In the design of the known rock drill bit, the lips are axially set back in the central zone in a manner that said zone is narrowed. It was found that, when drilling reinforced materials, a centering tip does not contribute to drilling progress because the drilling velocity practically disappearing near/at the center.
In particular as regards metallically reinforced materials, the known drill bit already offers good drilling progress per unit time.
The objective of the present invention is to so further design and further develop the known rock drill bit that the attainable drilling progress per unit time shall be raised further.
The above problem is solved for a rock drill bit by the following one or more embodiments.
The present invention offers the significant insight to render essentially asymmetric the central zone into which the lips substantially converge from the outside toward the inside.

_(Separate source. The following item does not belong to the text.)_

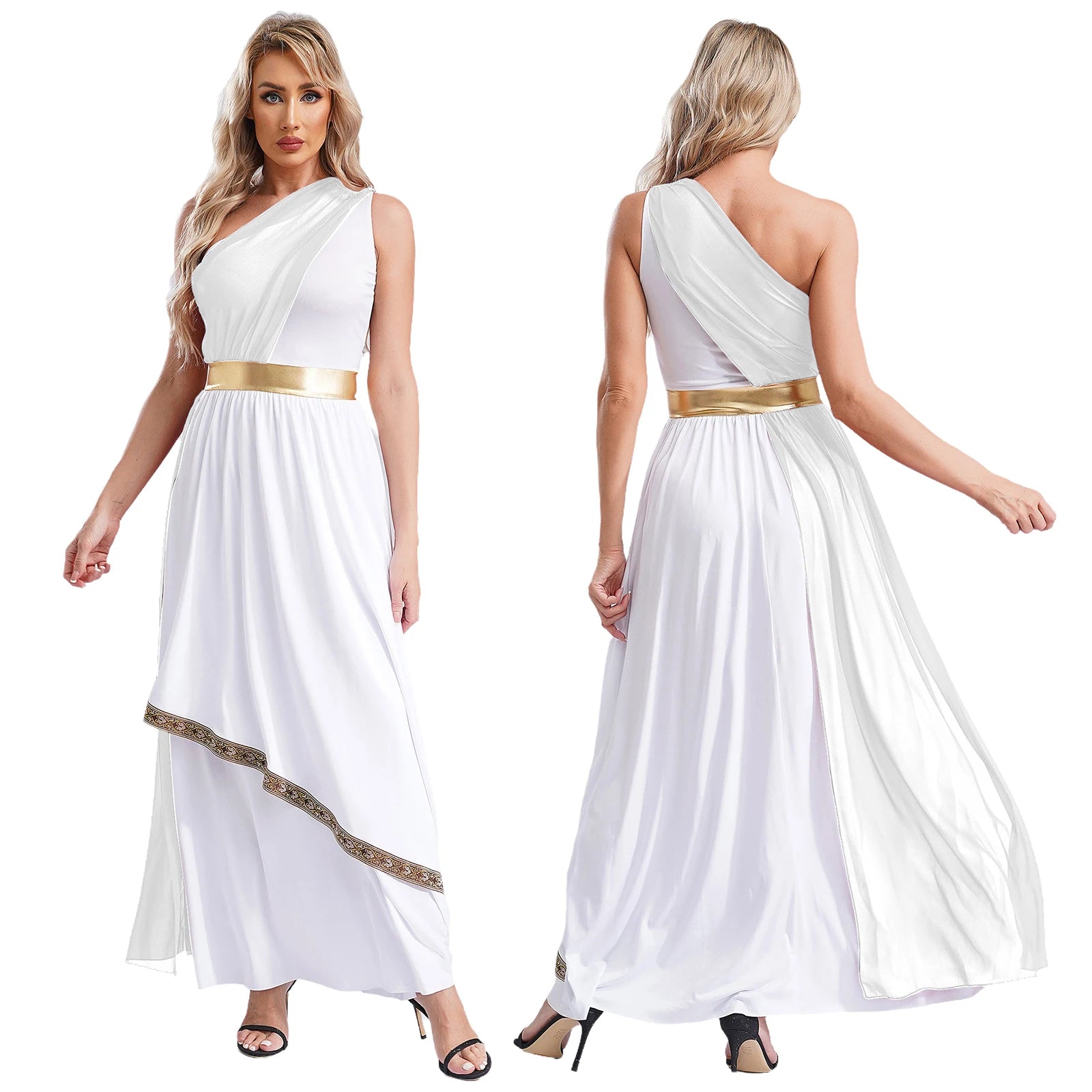 Womens One-Shoulder Greek Goddess Costume Dress with Chiffon Overlay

In particular the present invention proposes that, in said central zone, a single lip, hereafter also termed “long lip”, shall run through the drill bit axis and therefore comprises an overshoot segment extending beyond the drilling axis.
The above problem is solved for a rock drill bit by the following one or more embodiments.
In this respect as well, the concept of the present invention, namely to make asymmetrical the central zone wherein the lips substantially converge from the outside to the inside, again is essential.
Accordingly, within said central zone, a single lip, also termed “long lip”, runs past the drill bit axis and therefore comprises an overshoot segment extending a distance away from it and beyond.
Be it borne in mind that the terminology “converging substantially” not necessarily implies that the lips shall impinge each other. It merely denotes that they approach each other within the central zone.
The expression “the lips running beside and past the drill bit axis” denotes that as seen in projection on a projection surface orthogonal to the drill bit axis and following the course of the lip, the lip normal vector approaches the drill bit axis, then intersects the drill bit axis and lastly beyond the drill bit axis moves away from said drill bit axis.
Both when passing through the drill bit axis and when passing beside it, the overshoot segment is that segment which in the above sense is situated beyond the drill bit axis.
It is critical that only a single long lip defined above be used. Because of the above design of said long lip, said central zone asymmetry is attained. This long lip in a sense acts thereby as a chisel edge, such a chisel edge having been observed being especially advantageous when drilling through reinforced material.
The proposed solution of the present invention however also extends beyond drilling reinforced materials. The asymmetric design of the central zone entails a drilling behavior which can be observed to be quite advantageous in general when drilling hard rocks, especially hard concrete or the like.
In the preferred embodiment of
In an especially preferred embodiment mode, the remaining lips run neither through drill bit axis nor beside and past it.
In a preferred embodiment, the axial height of the lips within the central zone substantially tapers toward the drill bit axis. The term “axial height” in the present context is the axial distance between the particular point on the lip and the shank's clamping end. Due to said axial recessing of the lips in the central zone, the region of small or vanishing velocity vectors is removed from the direct operational region on the material being drilled, such a feature being especially advantageous when drilling reinforced materials.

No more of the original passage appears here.